As the scene came into focus, I stood there, in the freezing rain, mine eyes to behold......an ice cream truck! There I was, shivering and dripping wet, and these kids (not many) were purchasing their favorite frozen treats from the ice cream man. The oddest thing about this whole sureal turn of events is that my first thought was not, as any rational human being would assume, how absurd it was to be buying ice cream in this weather; rather, it was whether or not the ice cream man had "Bomb-Pops" as I quickly checked the change rattling in my pocket. Some of you will remember the panic as a child as you tried to secure the power to purchase ice cream from this rolling vendor before the opportunity had passed...could I make sense of this Danish currency in time!?! I am almost 25 years old and have not purchased anything from the ice cream man in over a decade, but even today the ice cream man is capable of sending my ability to reason spiraling out of control...No, I didn't get the "Bomb-Pop!"

Monday, January 17, 2005

Mondag her i Kobenhavn

Some people didn't get the joke so I won't make it...I am being censored on account of my failure to respect my freedom...the odd paradox of coerced liberty...rule of thumb...this blog is often not to be read as a news report from an outlet of the integrity of, say, the American politico-media...I really have few exciting activities and it is hard for me to come up with things to say. Ok, whew! Yesterday I had a fine blend of the mundane and the interesting. First of all, I stayed up all night trying to listen to the Steelers-Jets game. Ha! What a joke...well, I got up late after that comedy of errors and decided to go check out a local gym. I am going nuts here because running outside is terrible. Its not even the cold as much as the urban setting. I have to stop every minute to wait for a light to change or something...I have to find a good, large park.

So I went to the gym at the Frederiksberg Svommehal (swimming hall). I had planned on lap swimming but it was a Sunday and the pool was packed with recreational swimmers so I went upstairs to the weightroom. The big guy with the mullet at the desk was friendly enough to give me a free pass (maybe I look like I need to hit the weights or something!). So I went in and ran on the treadmill for 40 min. It was great, the best I have felt in a while.

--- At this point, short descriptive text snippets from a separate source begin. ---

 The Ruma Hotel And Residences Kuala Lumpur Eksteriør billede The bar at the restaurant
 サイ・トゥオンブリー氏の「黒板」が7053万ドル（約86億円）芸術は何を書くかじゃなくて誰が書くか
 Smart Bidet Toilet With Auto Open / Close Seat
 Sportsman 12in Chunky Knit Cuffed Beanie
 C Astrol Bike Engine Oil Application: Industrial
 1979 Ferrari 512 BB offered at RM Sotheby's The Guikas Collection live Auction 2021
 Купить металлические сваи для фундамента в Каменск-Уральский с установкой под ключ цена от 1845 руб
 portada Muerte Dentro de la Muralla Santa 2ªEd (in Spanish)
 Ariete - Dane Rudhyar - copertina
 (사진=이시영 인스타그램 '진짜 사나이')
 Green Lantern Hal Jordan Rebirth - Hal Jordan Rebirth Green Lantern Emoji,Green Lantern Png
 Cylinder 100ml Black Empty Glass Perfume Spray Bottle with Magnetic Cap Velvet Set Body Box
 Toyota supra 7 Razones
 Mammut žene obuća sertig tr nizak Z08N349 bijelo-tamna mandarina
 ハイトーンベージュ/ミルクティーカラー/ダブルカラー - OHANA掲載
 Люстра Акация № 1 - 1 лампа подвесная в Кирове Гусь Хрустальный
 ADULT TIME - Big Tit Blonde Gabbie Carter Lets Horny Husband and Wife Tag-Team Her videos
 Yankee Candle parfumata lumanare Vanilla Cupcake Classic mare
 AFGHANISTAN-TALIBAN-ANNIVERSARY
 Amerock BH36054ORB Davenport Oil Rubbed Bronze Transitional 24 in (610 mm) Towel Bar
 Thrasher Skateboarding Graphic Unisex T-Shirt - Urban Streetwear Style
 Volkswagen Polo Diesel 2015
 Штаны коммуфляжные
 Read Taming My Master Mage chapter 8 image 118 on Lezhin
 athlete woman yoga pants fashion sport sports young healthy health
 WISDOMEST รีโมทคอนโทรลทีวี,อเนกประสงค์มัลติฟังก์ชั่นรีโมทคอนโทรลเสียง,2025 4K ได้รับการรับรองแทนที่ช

I think I may get a membership cause it looks like the bad weather is about to set in (of course the University of San Diego has not managed to give me my money yet so it will have to wait until that little hurdle is overcome).

I would like to talk briefly about one weightroom phenomenon, which all of us who have had the unfortunate experience of spending much time in weightrooms have had to deal with...the "meathead." The European meathead is not as physically imposing as the American meathead, but with the lower threshold for meatheadery it seems that everyone tries to pass themselves off as members of this woeful sector of humanity. For men in European gyms, less clothes is the rule. If there is a way to expose that bit of flesh you should find it. Attire is a pair of dark colored underwear that are supposed to pass as shorts and some tank-top, eviscerated to the point that it is less "top" and more "tank."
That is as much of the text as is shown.